▶ _What needs to be done_
Every entry should be reproduced precisely, with each picture left out.

▶ _Provided data_
*****

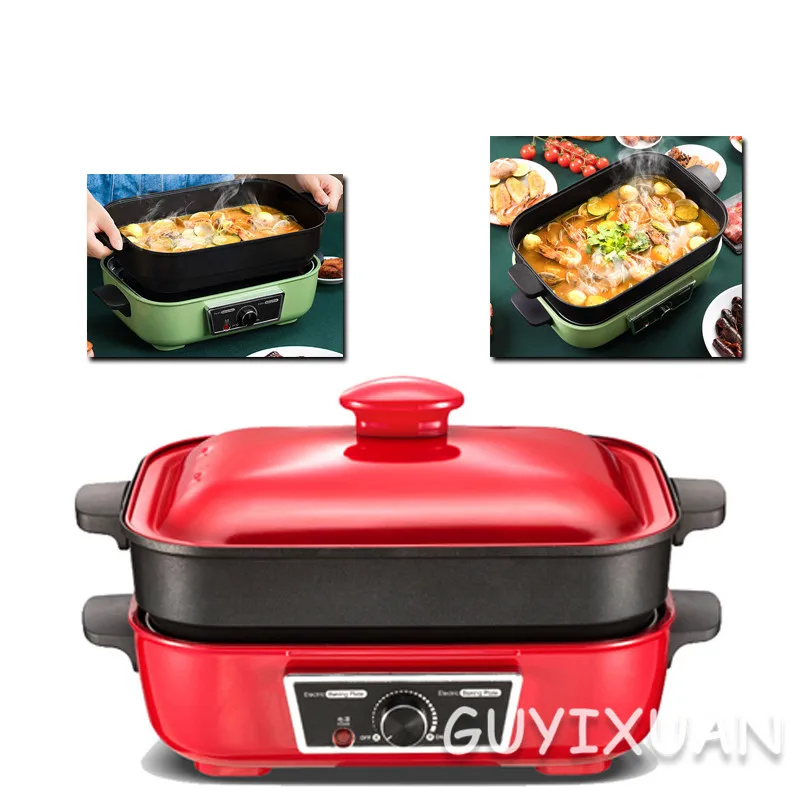Multi function cooking pot, household electric barbecue pot, barbecue integrated machine, multi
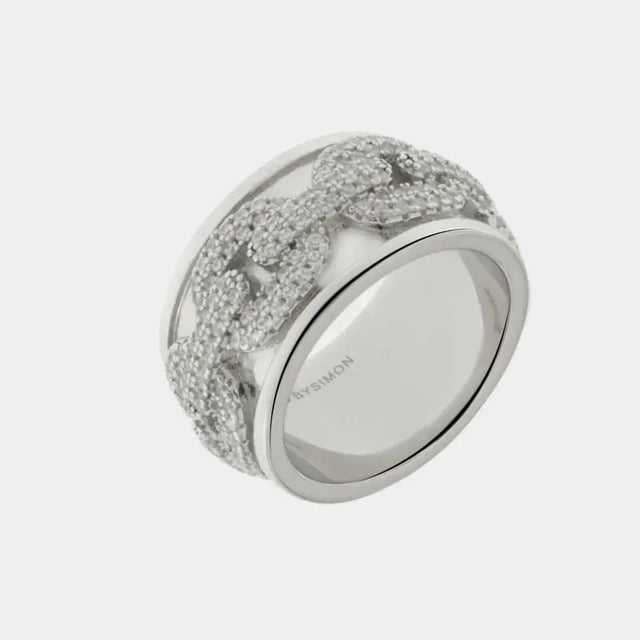 925 Silver Band Ring with Chains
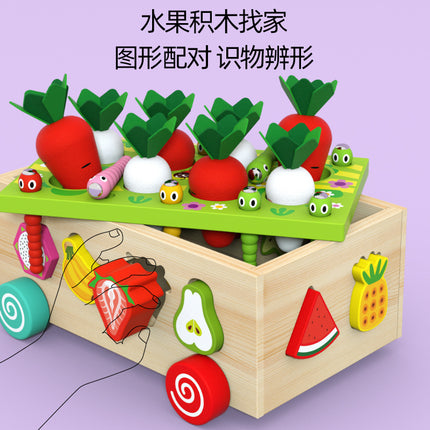Children's Educational Toys Farm Carrot Pulling Toy Shape Matching Building Blocks Intelligence Car Baby 1-3 Years Old 2 Gifts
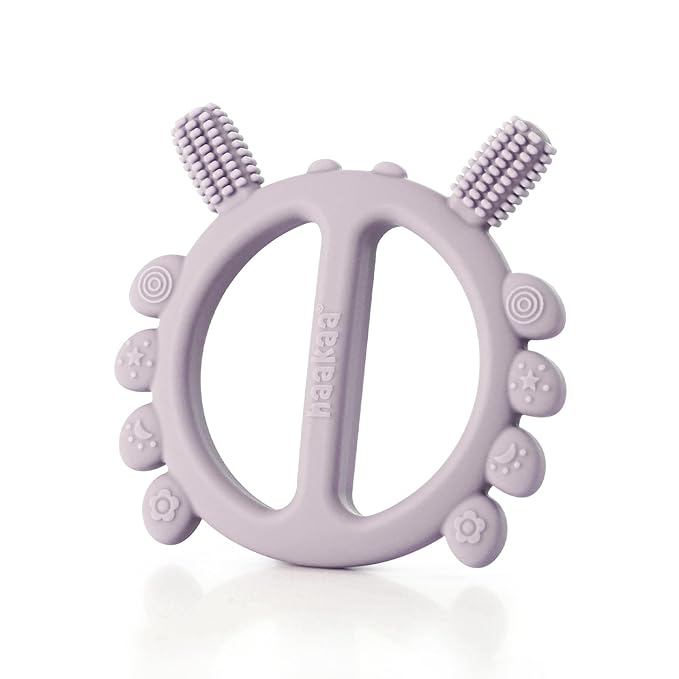 Haakaa Silicone Crab Baby Teether,Baby Toys,360°Baby Toothbrush Head for Infant Self-Brushing Training,Food-Grade Silicone,Lavender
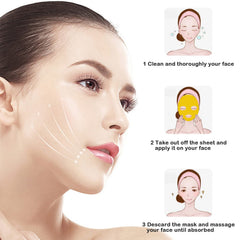 Adofect collagen crystal sheet mask on face provides refreshing moisture.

*****

▶ _Final answer_
Multi function cooking pot, household electric barbecue pot, barbecue integrated machine, multi
 925 Silver Band Ring with Chains
Children's Educational Toys Farm Carrot Pulling Toy Shape Matching Building Blocks Intelligence Car Baby 1-3 Years Old 2 Gifts
 Haakaa Silicone Crab Baby Teether,Baby Toys,360°Baby Toothbrush Head for Infant Self-Brushing Training,Food-Grade Silicone,Lavender
 Adofect collagen crystal sheet mask on face provides refreshing moisture.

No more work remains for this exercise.